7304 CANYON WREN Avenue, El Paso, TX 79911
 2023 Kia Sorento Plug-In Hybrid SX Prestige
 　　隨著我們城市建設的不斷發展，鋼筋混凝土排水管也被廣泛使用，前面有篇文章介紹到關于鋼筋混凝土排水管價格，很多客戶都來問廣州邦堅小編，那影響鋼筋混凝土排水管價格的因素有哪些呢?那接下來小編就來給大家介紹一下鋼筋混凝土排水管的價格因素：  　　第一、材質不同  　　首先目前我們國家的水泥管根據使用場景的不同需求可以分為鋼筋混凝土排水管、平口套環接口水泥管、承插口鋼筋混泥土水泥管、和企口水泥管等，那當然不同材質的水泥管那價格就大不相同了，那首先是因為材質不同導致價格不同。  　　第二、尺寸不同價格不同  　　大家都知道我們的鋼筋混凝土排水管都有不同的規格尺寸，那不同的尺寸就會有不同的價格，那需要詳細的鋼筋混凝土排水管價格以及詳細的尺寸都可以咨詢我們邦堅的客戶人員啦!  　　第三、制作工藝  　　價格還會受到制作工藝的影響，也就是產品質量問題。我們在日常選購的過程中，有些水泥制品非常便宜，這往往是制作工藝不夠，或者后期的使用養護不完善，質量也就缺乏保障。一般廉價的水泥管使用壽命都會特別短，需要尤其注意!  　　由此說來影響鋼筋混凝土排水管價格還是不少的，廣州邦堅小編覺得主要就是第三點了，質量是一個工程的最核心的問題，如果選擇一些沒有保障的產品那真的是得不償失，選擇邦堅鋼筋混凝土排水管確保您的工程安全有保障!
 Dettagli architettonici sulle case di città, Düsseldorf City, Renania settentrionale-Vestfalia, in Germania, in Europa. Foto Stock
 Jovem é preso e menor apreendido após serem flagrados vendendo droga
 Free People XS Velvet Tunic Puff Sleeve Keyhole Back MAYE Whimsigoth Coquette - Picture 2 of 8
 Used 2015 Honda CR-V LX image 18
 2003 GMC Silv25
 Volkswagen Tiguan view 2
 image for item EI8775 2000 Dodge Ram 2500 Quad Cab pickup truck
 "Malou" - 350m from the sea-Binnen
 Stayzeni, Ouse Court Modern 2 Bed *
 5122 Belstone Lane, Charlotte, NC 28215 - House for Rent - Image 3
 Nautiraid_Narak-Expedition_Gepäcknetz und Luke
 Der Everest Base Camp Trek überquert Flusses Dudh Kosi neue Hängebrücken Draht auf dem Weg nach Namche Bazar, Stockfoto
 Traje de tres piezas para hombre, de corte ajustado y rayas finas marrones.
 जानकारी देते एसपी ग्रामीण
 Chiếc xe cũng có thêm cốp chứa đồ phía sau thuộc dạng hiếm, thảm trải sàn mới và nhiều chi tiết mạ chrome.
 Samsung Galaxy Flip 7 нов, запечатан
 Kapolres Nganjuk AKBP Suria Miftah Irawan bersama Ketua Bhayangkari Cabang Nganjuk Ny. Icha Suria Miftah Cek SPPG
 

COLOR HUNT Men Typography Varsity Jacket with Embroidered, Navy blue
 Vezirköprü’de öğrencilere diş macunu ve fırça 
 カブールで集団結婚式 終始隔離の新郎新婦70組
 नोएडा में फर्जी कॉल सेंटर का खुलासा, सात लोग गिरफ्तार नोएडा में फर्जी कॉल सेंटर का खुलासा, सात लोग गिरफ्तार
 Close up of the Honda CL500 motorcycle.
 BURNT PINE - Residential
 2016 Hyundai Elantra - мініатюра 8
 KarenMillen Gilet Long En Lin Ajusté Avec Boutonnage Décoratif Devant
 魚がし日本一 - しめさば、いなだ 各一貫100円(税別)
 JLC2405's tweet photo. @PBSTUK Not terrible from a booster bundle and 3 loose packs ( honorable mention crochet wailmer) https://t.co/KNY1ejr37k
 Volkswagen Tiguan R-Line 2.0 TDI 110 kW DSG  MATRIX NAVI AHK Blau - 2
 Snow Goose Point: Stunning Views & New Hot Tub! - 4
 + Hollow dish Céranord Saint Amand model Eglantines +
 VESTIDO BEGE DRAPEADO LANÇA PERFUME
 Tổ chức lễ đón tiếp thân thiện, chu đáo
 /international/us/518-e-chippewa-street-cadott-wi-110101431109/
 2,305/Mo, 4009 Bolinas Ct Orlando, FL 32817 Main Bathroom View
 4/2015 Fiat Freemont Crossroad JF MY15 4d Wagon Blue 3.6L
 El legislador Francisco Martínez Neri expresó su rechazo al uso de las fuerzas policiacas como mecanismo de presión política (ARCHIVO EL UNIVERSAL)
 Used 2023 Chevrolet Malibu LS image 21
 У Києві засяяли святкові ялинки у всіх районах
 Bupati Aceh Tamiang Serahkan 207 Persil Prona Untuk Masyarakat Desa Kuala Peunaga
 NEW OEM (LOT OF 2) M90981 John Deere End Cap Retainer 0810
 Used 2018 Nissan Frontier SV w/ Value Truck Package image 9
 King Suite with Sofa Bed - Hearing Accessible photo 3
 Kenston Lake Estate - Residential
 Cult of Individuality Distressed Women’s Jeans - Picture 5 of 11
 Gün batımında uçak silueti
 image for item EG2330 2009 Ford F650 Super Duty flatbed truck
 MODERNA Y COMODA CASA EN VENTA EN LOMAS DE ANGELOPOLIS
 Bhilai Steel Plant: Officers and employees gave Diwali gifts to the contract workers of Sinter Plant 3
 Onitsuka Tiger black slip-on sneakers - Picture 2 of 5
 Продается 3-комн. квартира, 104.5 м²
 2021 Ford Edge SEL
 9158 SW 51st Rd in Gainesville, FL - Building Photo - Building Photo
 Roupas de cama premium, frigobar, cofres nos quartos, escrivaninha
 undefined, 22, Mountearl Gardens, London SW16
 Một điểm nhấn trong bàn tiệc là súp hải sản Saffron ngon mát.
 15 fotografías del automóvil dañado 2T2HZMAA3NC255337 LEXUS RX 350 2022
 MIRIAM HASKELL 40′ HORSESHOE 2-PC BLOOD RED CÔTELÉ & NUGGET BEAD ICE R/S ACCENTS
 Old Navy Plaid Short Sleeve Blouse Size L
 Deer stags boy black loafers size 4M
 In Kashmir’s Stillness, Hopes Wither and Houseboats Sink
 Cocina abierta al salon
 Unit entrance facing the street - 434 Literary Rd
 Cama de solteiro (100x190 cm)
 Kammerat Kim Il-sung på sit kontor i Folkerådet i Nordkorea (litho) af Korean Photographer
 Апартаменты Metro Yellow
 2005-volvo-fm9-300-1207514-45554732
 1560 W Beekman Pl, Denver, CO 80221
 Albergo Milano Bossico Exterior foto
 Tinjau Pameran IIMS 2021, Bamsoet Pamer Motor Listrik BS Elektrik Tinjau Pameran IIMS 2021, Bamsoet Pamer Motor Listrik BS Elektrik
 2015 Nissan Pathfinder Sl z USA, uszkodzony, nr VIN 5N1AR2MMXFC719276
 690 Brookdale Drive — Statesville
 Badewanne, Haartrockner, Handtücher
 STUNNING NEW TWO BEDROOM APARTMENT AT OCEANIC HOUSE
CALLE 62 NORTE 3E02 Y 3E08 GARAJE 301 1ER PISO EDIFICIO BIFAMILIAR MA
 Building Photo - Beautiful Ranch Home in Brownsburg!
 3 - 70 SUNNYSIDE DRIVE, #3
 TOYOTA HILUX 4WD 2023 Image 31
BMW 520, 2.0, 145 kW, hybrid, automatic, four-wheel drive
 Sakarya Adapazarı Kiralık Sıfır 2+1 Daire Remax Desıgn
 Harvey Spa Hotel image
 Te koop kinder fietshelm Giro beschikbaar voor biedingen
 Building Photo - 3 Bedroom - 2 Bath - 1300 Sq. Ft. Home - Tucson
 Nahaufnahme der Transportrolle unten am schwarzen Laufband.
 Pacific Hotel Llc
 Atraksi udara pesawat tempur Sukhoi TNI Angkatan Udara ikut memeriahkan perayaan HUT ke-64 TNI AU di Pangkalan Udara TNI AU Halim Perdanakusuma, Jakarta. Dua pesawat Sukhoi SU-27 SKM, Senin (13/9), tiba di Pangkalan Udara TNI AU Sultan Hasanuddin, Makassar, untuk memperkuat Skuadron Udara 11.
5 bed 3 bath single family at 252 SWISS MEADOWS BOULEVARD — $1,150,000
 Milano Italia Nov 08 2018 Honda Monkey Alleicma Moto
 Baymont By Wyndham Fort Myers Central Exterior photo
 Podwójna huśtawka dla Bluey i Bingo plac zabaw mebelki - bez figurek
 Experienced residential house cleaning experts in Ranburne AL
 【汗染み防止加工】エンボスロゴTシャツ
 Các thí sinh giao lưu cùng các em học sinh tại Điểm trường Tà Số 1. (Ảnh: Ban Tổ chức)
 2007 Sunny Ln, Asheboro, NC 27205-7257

________________________

§ Problem description
Exactly as written, please transcribe the lines from the start of the records above to the line that holds "2023 Kia Sorento Plug-In Hybrid SX Prestige", both ends included.

§ Answer box
7304 CANYON WREN Avenue, El Paso, TX 79911
 2023 Kia Sorento Plug-In Hybrid SX Prestige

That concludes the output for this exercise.